The Type I hero is what we would all like to be (“faster than a speeding bullet,” having “X-ray vision,” capable of flying), but outside of our dreams of wish fulfillment, we recognize that we could not possibly be him. The Type II hero, being more human than superhuman, is a more attainable ideal, but again our conscious selves will acknowledge that we can never have all the powers and virtues he possesses nor have them to the degree that he does. The Type III hero is also greater in the sum total of his powers and virtues than we could be, but because he shares with the rest of humanity certain limitations upon his embodiment and exercise of these powers and virtues, some of them are at least theoretically within our reach and in a few we could even exceed him: we could conceivably fly airplanes as well as Lt. Col. Canyon; we might even become generals.
All of these heroes are larger than life; some are merely larger than others. But what the hero is and does in terms of objective reality are less important than what he represents to our inner reality. The local man who saves a child from drowning is of less enduring interest to us than our fictive or historical heroes: the former wants symbolism, and unless local mythopoeia provides him with it, we tend to displace him in our consciousness with the more value-charged heroes we seem to need. The heroes of the great English epics represent attempts by poets of genius to fulfill that need for their own times. In our time, supposedly the age of the “anti-hero,” the writers of pop romance knowingly or unknowingly fulfill the same need. Thus, what Northrop Frye claims about popular literature in general is particularly true of pop romance: it is “literature which affords an almost unobstructed view of archetypes.”

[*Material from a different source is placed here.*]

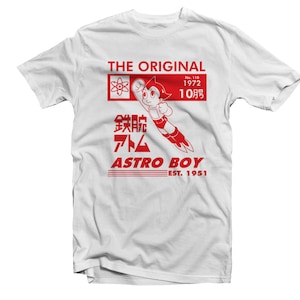 May include: Red and white graphic t-shirt featuring Astro Boy, a Japanese manga character, flying with a rocket booster. The text "THE ORIGINAL" is at the top, and "ASTRO BOY EST. 1951" is at the bottom. The text "鉄腕アトム" is in Japanese.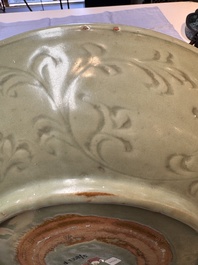 A rare and large Chinese Longquan celadon dish with floral design, Ming, early 15th C.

Specific illustrations of how the analogies between epic and pop heroes can be used to provide one kind of approach to Beowulf, The Faerie Queene, and Paradise Lost comprise the next three sections of this paper. The focus will be on the hero figures and the value systems in which they are involved rather than upon structure or imagery or the like. Nor will any attempt be made to justify on esthetic grounds the examples of pop romance considered. Whether primitive or slick, they seldom even approach the threshold of what is generally regarded as “art”—although they do qualify if we accept Norman Holland’s definition of art as that which exists for our pleasure, requires us to suspend disbelief in order to experience that pleasure, and gives us that pleasure by “managing” or “controlling” our fantasies and feelings.6 But whether they are regarded as “art” or not, pop romances can shed light on art and on our responses to it, as both Holland and Frye have suggested.7 The same conclusion is arrived at by a student of the comic strip phenomenon, Kenneth E. Eble, even though he rejects the comics as an art form:
The comics fail badly as art despite their pretension to seriousness—or perhaps because of it. They have about the same relation to serious art that a tract like Pierce Pennilesse has to Paradise Lost. … As objects of serious study, they rank considerably higher. They will offer much information to future historians as to how we lived, how we acted, and, in a large sense, how we (the thickening mass) responded. … As factors in shaping a nation’s emotional and intellectual responses, they deserve much more study than they have yet received.8
TWO
In his consideration of “The Primitive Heroic Ideal,” E. Talbot Donaldson says: “put most simply, the heroic ideal was excellence. The hero-kings strove to do better than anyone else the things that an essentially migratory life demanded … “9 Fighting was of course the primary activity, as it is so often in pop romance, and it is on those few violent hours in Beowulf’s life when he wins his three great victories that the Anglo-Saxon scop concentrates rather than upon his youth or years of kingship. Violence, it might be added, is also a preoccupation of Spenser in The Faerie Queene, and it gets its due in Paradise Lost as well, in spite of Milton’s intention to frame a “higher Argument.” Pop romance is frequently attacked for its own preoccupation with violence, but its critics do not always recognize that violence is seldom gratuitous; as in epic poems it is usually if not always effectively moralized: the resounding “Pow!” as Batman’s fist connects with the Joker’s jaw signals not only retribution but the reestablishment of moral order.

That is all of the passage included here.